REEL 2 Continues: Fitzroy Maclean's interest in Soviet Union. Recollections of operations as officer with 1st Cavalry Regt, 1st Cavalry Bde, 1st Cavalry Div, Germany Army in Poland, France and Soviet Union, 1939-1942: belief that Germany would be defeated; fate of his commanding officer; reconnaissance work during Polish campaign and encounter with Polish Cavalry; memories of General Thomas von Fritsch; initial attitude of Poles to German occupation; his hopes for British and French attack on Germany, 1939-1940; his diplomatic warnings to French, British and Americans; apprehensions of Dutch flooding their country; relations with peasants in Aquitaine Region, France, 1940; occupation duties in Brest-Litowsk area, Poland, 1940-1941; impressions that Soviets were not preparing an offensive; worries of dissidents about Nazi-Soviet agreement, 11/1940; his attitude to idea of Soviet attack on Germany; belief that Adolf Hitler disliked cavalry; participation in invasion of Soviet Union, 1941.
REEL 3 Continues: initial reception of Germans in Soviet Union, 1941; treatment of Soviet prisoners of war; how Soviet prisoners of war were used by German military units. Aspects of period as staff officer with General Staff in Germany, 1942: initial posting to Office of Foreign Affairs; work with Colonel Claus von Stauffenberg; conversations between Claus von Stauffenberg and General Ernst-August Kosting. Aspects of period as Aide de Camp (ADC) to General Ernst-August Kostring with Army Group Caucasus in Soviet Union, 1942-1943: treatment of Soviet population; memories of Claus von Stauffenberg and his decision to organise resistance against Adolf Hitler, 1942-1943; use of Valkire Plan as cover for resistance.
REEL 4 Continues: Recollections of period as Aide-de -Camp (ADC) to General Ernst-August Kostring in Balkans, 1944-1945: meeting with Kurt Waldheim in Greece, 1944; his activities at time of July Plot against Hitler, 7/1944; how he considered joining Fitzroy Maclean in Yugoslavia; his narrow escape from Gestapo on discovering memo on his desk to contact Claus von Staffenberg; memories of Kurt Waldheim; how he countermanded an order to protect Fitzroy Maclean in Yugoslavia; opinion of Chetnik-Partisan situation in Yugoslavia; question of how close Gestapo came to uncovering his activities; reiteration of his career; escorting General Ernst-August Kostring through Allied lines in Austria, 1945.

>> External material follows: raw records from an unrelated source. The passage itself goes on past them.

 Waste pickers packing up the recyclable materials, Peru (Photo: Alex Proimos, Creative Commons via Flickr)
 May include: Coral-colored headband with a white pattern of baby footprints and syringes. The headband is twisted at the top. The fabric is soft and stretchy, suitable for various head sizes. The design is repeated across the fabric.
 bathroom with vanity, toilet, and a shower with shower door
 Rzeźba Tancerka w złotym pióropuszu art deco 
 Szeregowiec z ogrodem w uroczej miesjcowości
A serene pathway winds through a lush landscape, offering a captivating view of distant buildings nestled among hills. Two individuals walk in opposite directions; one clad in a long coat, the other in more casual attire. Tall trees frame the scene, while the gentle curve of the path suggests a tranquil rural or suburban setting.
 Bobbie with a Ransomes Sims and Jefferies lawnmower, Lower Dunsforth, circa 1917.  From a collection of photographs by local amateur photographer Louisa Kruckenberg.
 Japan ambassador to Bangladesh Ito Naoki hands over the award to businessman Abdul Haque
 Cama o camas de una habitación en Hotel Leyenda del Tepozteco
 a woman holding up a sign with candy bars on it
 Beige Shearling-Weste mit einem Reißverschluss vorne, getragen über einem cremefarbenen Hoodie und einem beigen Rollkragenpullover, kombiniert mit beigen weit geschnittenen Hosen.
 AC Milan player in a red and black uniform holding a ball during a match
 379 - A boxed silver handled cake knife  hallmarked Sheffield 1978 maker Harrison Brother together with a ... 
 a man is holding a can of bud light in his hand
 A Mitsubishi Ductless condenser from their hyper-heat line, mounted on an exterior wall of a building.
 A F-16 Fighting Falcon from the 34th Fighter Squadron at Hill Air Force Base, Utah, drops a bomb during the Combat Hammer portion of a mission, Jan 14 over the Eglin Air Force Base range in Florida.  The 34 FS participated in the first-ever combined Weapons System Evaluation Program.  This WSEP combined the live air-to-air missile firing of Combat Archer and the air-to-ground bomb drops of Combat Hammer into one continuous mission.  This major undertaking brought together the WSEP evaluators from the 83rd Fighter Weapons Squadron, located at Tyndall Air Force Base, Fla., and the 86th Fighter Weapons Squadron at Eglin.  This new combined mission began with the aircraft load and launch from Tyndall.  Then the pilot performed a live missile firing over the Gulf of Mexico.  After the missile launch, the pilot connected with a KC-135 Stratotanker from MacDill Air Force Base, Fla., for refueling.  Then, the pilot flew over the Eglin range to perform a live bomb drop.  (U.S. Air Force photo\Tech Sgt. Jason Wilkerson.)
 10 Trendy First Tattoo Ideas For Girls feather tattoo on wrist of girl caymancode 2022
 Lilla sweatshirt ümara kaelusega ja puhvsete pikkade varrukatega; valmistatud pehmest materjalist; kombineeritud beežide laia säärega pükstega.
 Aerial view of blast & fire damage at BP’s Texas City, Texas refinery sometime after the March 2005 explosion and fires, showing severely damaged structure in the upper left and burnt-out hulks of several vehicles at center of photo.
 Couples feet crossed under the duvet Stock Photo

REEL 5 Continues: reiteration of story of escorting General Ernst-August Kostring through Allied lines in Austria, 1945. Aspects of post-war career in Austria and Germany from 1945: reasons for co- operation with Americans; work for Office of Strategic Services (OSS) in Salzburg, Austria; wartime contact with Admiral Wilhelm Canaris; obtaining work with Bavarian State Chancellory; contemplation of emigration to United States of America; post-war treatment as member of German Resistance; writing of his memoirs; surviving German resisters, 1993; reasons for lack of support from German Resistance from foreign countries.